We have already raised the issue about the inclusion in this network meta-analysis of the 3-arm study by Silverstone and colleagues, which compared fluoxetine, venlafaxine and placebo (Silvestone 2001). See http://www.bmj.com/content/342/bmj.d1199/rapid-responses. We further add some comments on the methodology employed.
In the network meta-analysis (Baldwin 2011) it is reported that the authors “tested the validity of the mixed treatment model by comparing the consistency of results between the mixed treatment meta-analyses and the direct comparison meta-analyses.” It has been previously suggested that this is not a valid method for assessing inconsistency because the network estimates (“mixed treatment meta-analyses”) are a combination of the direct (“direct comparison meta-analyses”) and indirect estimates and consequently they are not expected to differ much, even in the presence of substantial inconsistency (Nikolakopoulou 2014). As network meta-analysis technique is quickly gaining popularity in the literature (but quality is still variable – Nikolakopoulou 2014), we re-analyzed the 27 studies included in this network following the methods reported in the original article and compared our findings with the published results. We summarise here some of the main results we found and the full report with all our comments will be submitted soon to a peer-reviewed scientific journal.

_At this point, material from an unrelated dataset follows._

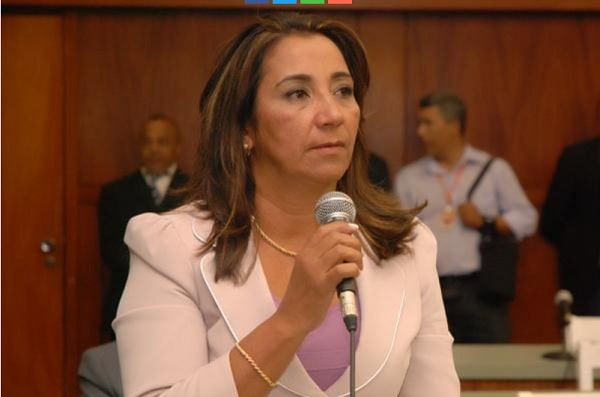 Ex-prefeita é condenada a devolver 4, 7 milhões aos cofres do município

In our re-analysis, both the design-by-treatment interaction test (Higgins 2012) and the loop-specific approach (Salanti 2009; Bucher 1997; Chaimani 2013) did not reveal statistically significant inconsistency, however the large uncertainty in the estimation of the ratio of odds ratios (ROR) between direct and indirect estimates in 3 out of 6 loops would have deserved further exploration as they can’t exclude the possibility of substantial inconsistency. It is probably not by chance that the loop including Silvestone 2001 study (fluoxetine, placebo, venlafaxine) had the largest upper confidence interval (CI) limit (ROR=2.51, 95% CI 1.00 to 11.43) and this reinforced our concerns about the inclusion of this study in the network (and therefore, the validity of the overall results from the published paper).

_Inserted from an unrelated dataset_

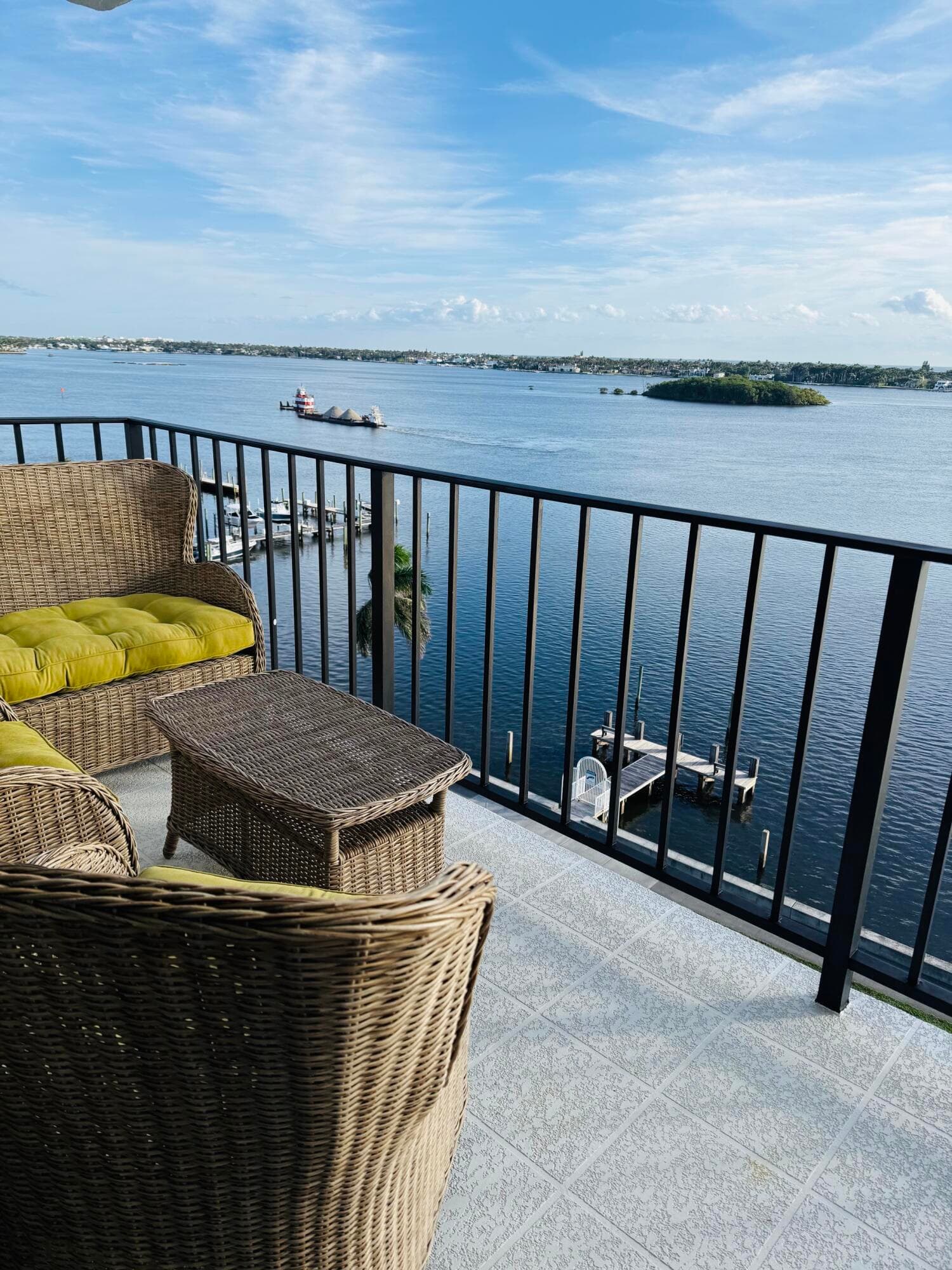 3800 Washington Road 907, West Palm Beach, FL 33405 — photo 6 of 8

According to our re-analysis, in terms of response, all drugs - except fluoxetine, quetiapine and paroxetine - appeared to be statistically significantly more effective than placebo. However, no important differences existed between the ten interventions in terms of efficacy. So, it is very likely that the advantage of fluoxetine in the hierarchy of the published report was the consequence of using an inappropriate ranking measure that did not properly account for statistical uncertainty. In fact, we ranked efficacy of treatments using the surface under the cumulative ranking curve percentages (the so-called SUCRA - Salanti 2011, Chaimani 2013) and the mean ranks, and we found different results: lorazepam ranked first in terms of response (75.8%) and escitalopram for remission (80.8%) (Table 1). Fluoxetine was still among the drugs with potentially better efficacy profile, however the small differences among treatments suggest that the most sensible and appropriate conclusion from Baldwin 2011 data would have been that there is too large uncertainty around the hierarchy of treatments for generalized anxiety disorder.
Table 1. SUCRA values for response, withdrawals and remission.

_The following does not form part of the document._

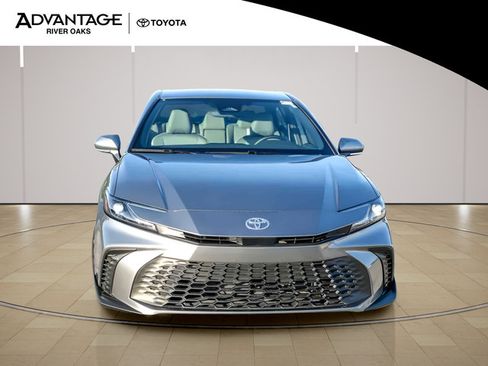 Used 2026 Toyota Camry SE AWD/4WD image 3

Treatment Response Withdrawals Remission
Placebo 5.0% 91.9% 1.2%
Escitalopram 53.3% 51.0% 80.8%
Tiagabine 22.9% 39.4% 17.4%
Duloxetine 61.1% 18.3% 39.0%
Paroxetine 51.2% 30.7% 56.6%
Pregabalin 52.3% 65.5% -
Venlafaxine 60.1% 32.9% 64.8%
Lorazepam 75.8% 16.6% -
Fluoxetine 67.6% 71.4% 80.3%
Sertraline 60.3% 82.4% 60.0%
Quetiapine 40.5% 91.9% -
We hope that these comments will help researchers and clinicians recognize the complexity of conducting a high-quality network meta-analysis, which require a multi-disciplinary team with clinical and technical expertise to adequately cover each step of the research project, including skills in literature search, data extraction, and statistical analysis.
As for all systematic review and standard meta-analyses, results from network meta-analyses should be replicable. Published papers must include all of the information that readers need to completely understand how the study was conducted, independently assess the validity of the analyses and reach their own interpretations. The availability of the review protocol and the codes for statistical analyses should become soon a mandatory requirement for all network meta-analyses.
Finally, we would like to thank Gillian Sibbring and Complete Clarity for providing us with the original dataset and some of the codes they used for the analyses of Baldwin 2011 paper.
Andrea Cipriani,1 Anna Chaimani,2 Georgia Salanti,2 Stefan Leucht,3 John R. Geddes,1
1 Department of Psychiatry, University of Oxford, UK; 2 Department of Hygiene and Epidemiology, University of Ioannina School of Medicine, Ioannina, Greece; 3 Department of Psychiatry and Psychotherapy TU-München, Munich, Germany;
References
Baldwin D, Woods R, Lawson R, Taylor D. Efficacy of drug treatments for generalised anxiety disorder: systematic review and meta-analysis. BMJ 2011;342:d1199.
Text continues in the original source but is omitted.